Data for analysis:

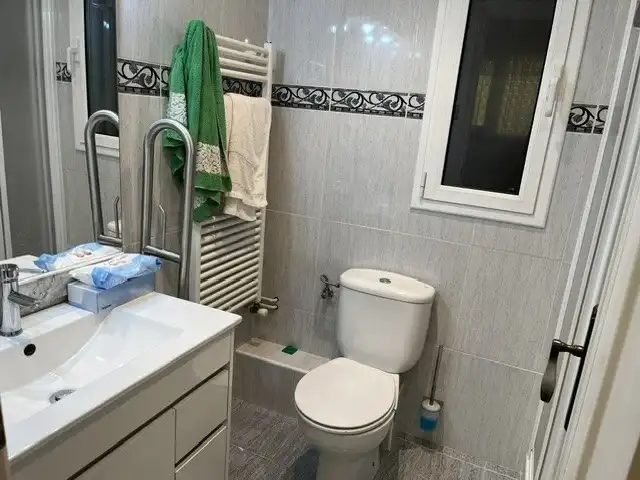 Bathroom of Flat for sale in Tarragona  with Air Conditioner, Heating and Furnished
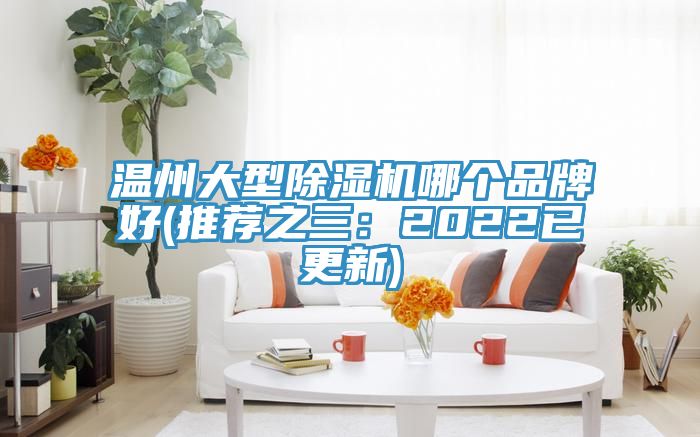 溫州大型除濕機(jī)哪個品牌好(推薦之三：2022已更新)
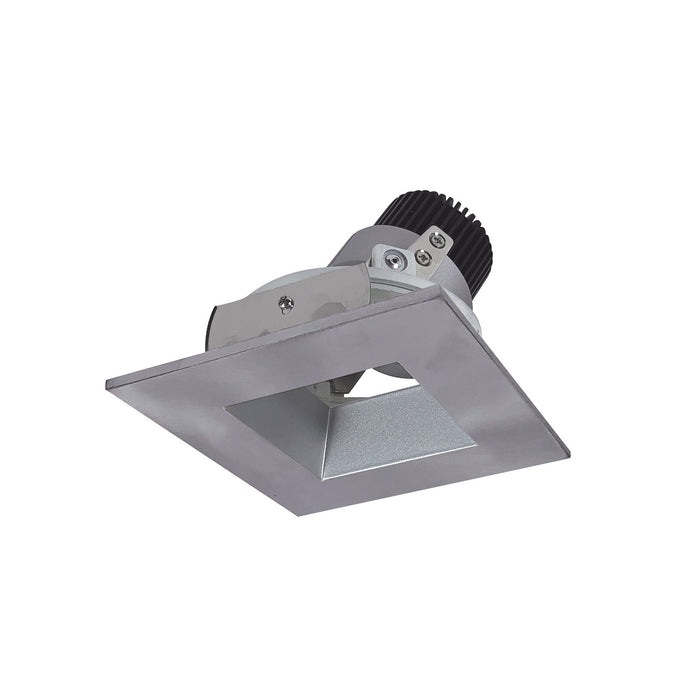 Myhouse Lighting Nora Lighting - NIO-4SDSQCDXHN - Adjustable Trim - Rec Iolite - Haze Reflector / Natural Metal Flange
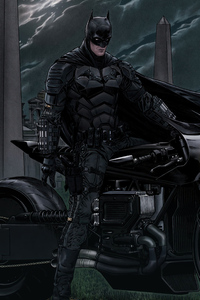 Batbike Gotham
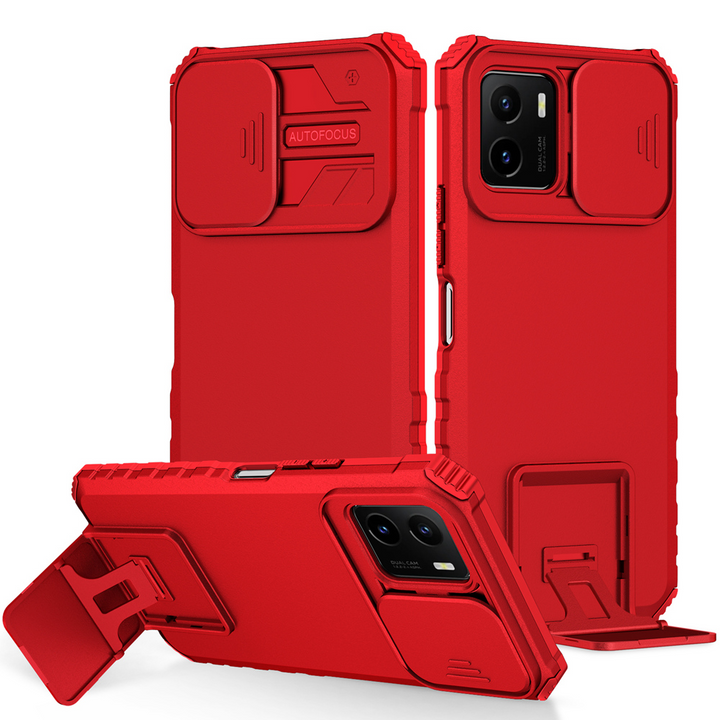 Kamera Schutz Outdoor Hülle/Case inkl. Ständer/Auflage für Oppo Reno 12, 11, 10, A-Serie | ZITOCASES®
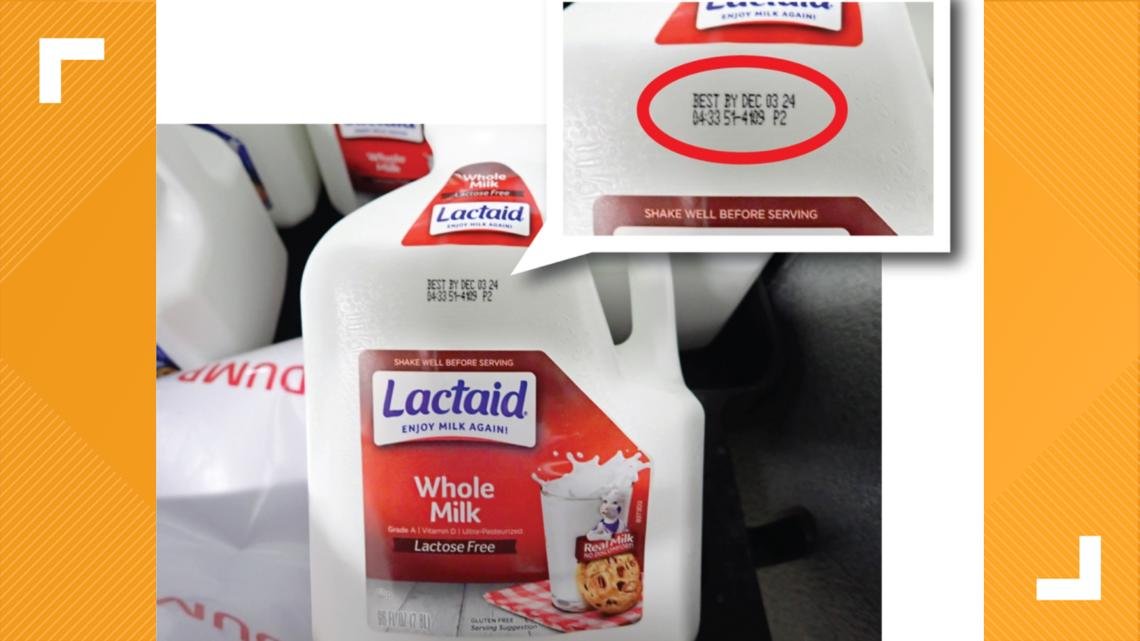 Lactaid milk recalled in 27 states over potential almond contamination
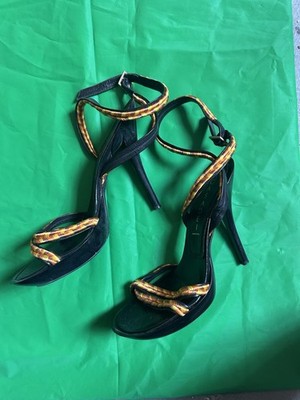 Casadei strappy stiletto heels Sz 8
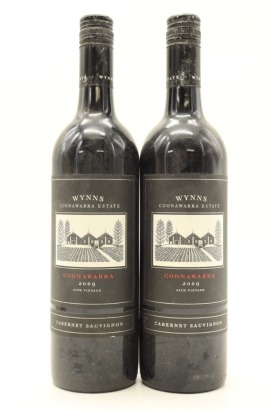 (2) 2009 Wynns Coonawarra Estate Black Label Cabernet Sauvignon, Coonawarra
...
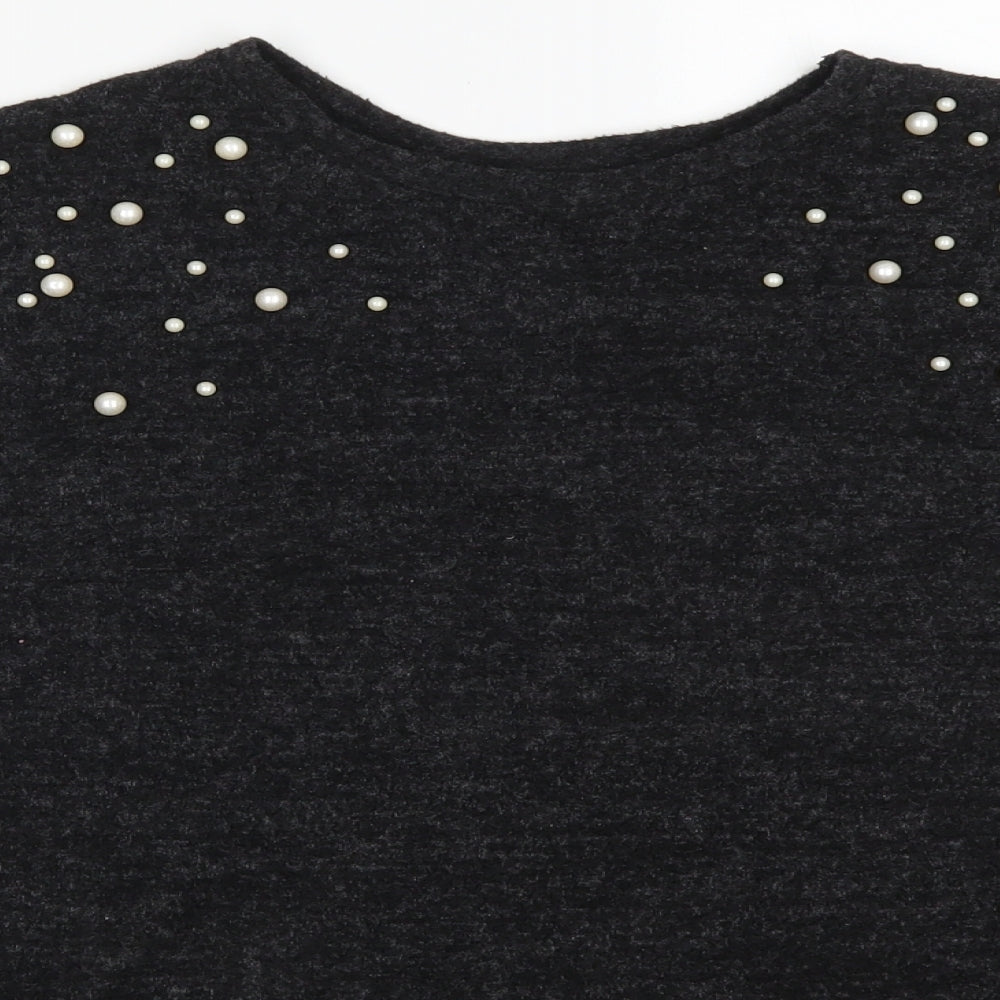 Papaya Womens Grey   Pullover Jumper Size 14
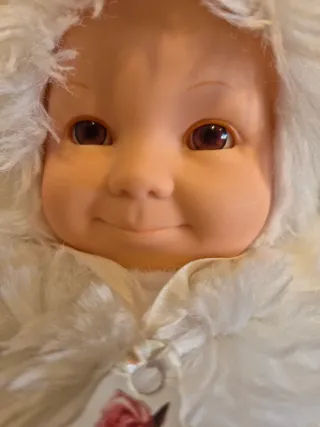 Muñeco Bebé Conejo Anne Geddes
--
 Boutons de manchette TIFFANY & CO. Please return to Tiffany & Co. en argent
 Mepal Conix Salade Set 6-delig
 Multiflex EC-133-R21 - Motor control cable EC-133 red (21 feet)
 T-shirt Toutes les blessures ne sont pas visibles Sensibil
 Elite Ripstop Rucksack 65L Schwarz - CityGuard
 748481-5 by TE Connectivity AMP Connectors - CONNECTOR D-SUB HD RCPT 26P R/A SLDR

Exercise: Copy out exactly the material that runs from the line with "Batbike Gotham" to the line with "Casadei strappy stiletto heels Sz 8", ends included, and leave the pictures behind.

Written answer:
 Batbike Gotham
 Kamera Schutz Outdoor Hülle/Case inkl. Ständer/Auflage für Oppo Reno 12, 11, 10, A-Serie | ZITOCASES®
 Lactaid milk recalled in 27 states over potential almond contamination
 Casadei strappy stiletto heels Sz 8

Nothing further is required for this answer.